Image-text web data:
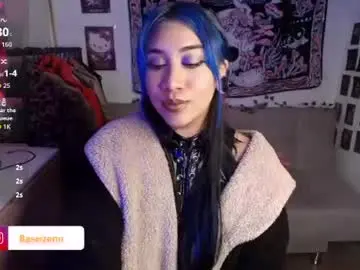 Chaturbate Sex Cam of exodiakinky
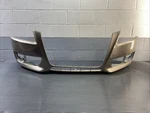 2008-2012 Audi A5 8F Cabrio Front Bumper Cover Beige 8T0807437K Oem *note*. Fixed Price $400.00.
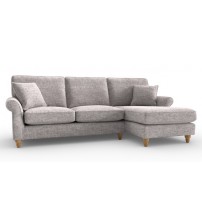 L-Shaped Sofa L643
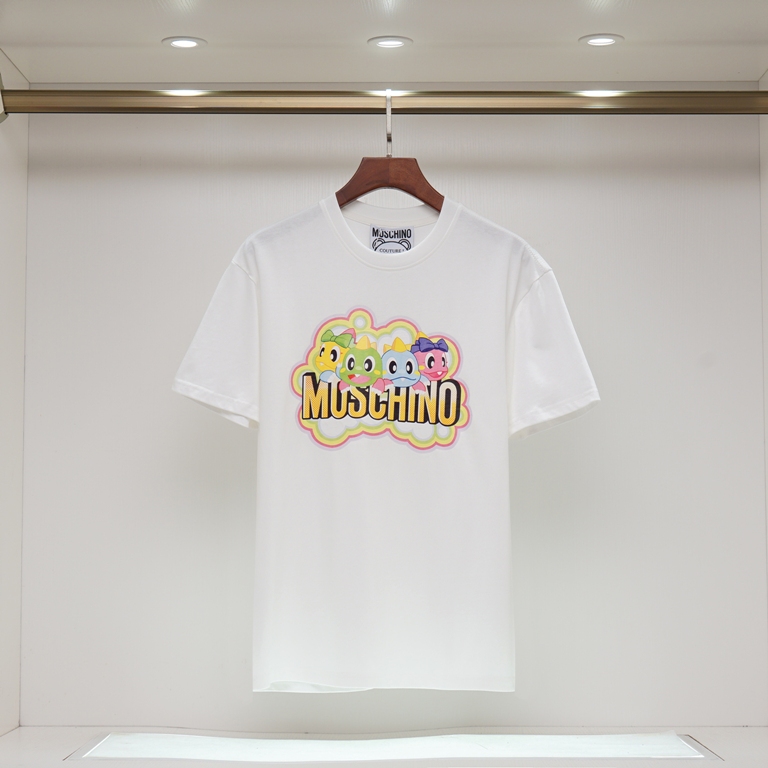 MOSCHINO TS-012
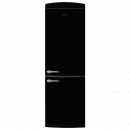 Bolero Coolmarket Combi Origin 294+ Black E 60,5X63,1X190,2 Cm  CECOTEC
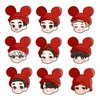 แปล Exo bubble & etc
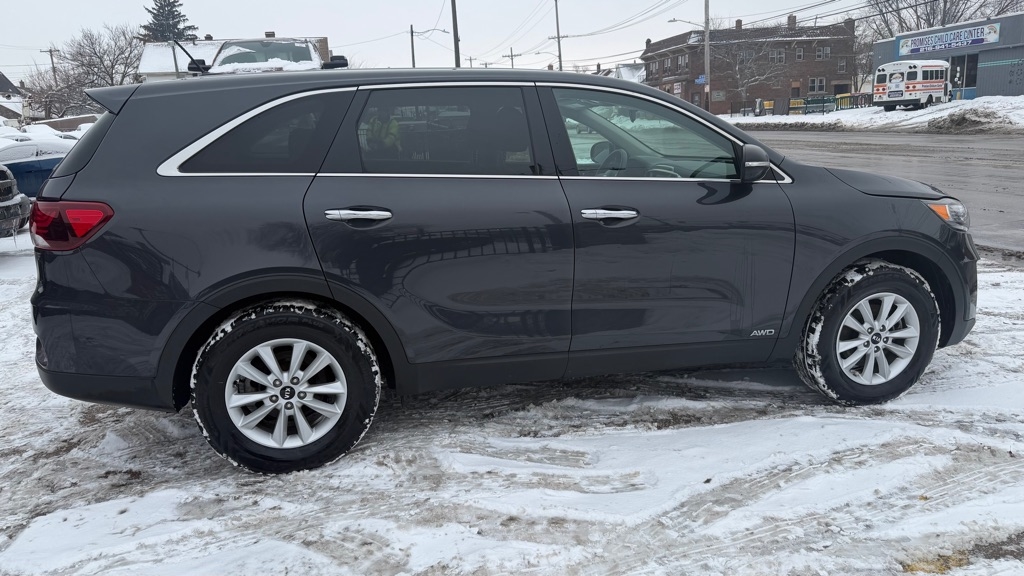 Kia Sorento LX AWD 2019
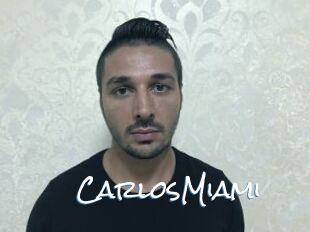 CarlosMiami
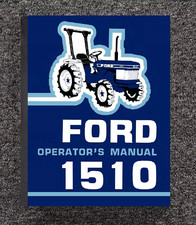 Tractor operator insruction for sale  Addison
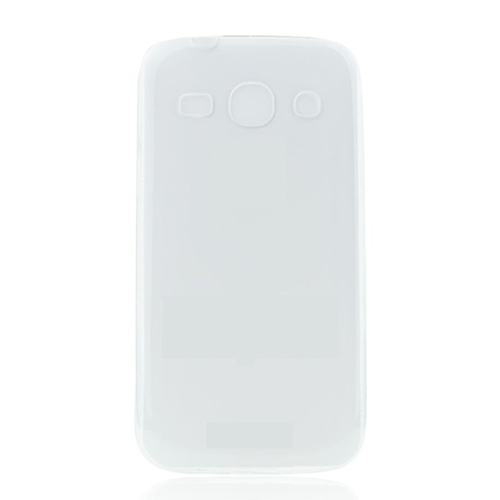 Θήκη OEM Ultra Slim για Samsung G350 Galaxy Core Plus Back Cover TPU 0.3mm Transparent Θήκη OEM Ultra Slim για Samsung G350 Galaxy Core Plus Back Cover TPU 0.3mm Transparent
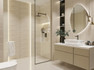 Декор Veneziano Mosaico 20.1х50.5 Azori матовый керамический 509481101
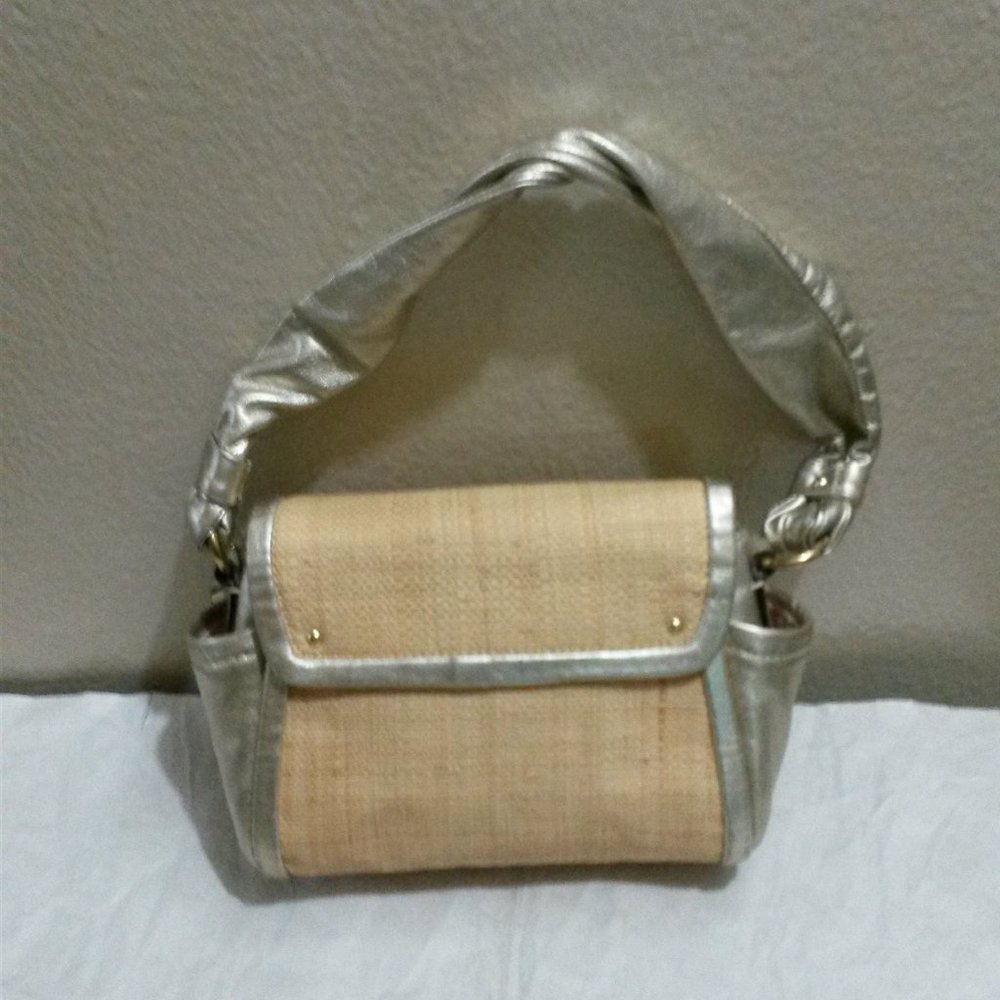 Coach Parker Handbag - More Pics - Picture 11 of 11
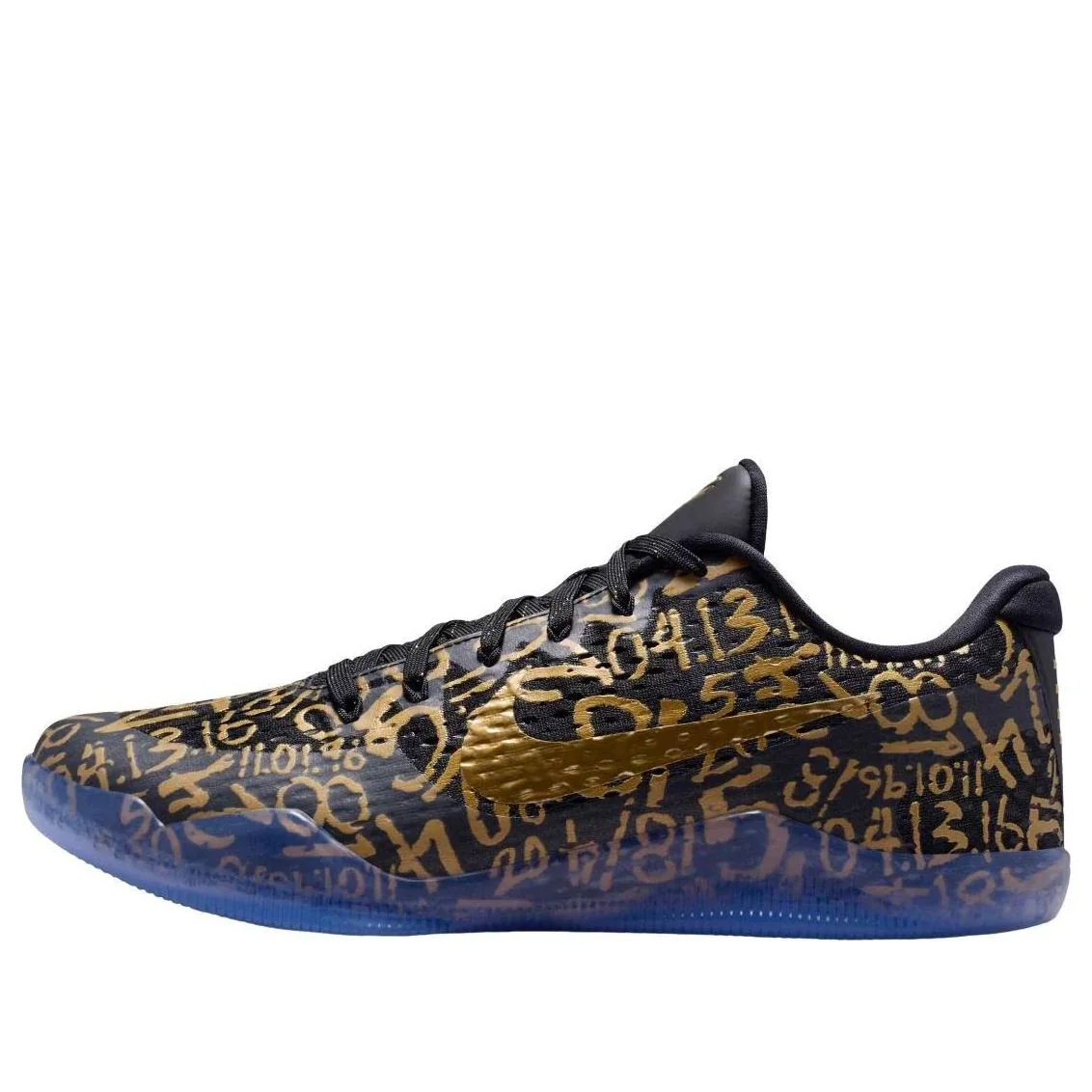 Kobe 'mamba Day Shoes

Task details:
Only the lines from the one with "CarlosMiami" through the final line of the entries above should be transcribed, exactly and without pictures.

Reply to the task:
 CarlosMiami
 Tractor operator insruction for sale  Addison
 Θήκη OEM Ultra Slim για Samsung G350 Galaxy Core Plus Back Cover TPU 0.3mm Transparent Θήκη OEM Ultra Slim για Samsung G350 Galaxy Core Plus Back Cover TPU 0.3mm Transparent
 Декор Veneziano Mosaico 20.1х50.5 Azori матовый керамический 509481101
 Coach Parker Handbag - More Pics - Picture 11 of 11
 Kobe 'mamba Day Shoes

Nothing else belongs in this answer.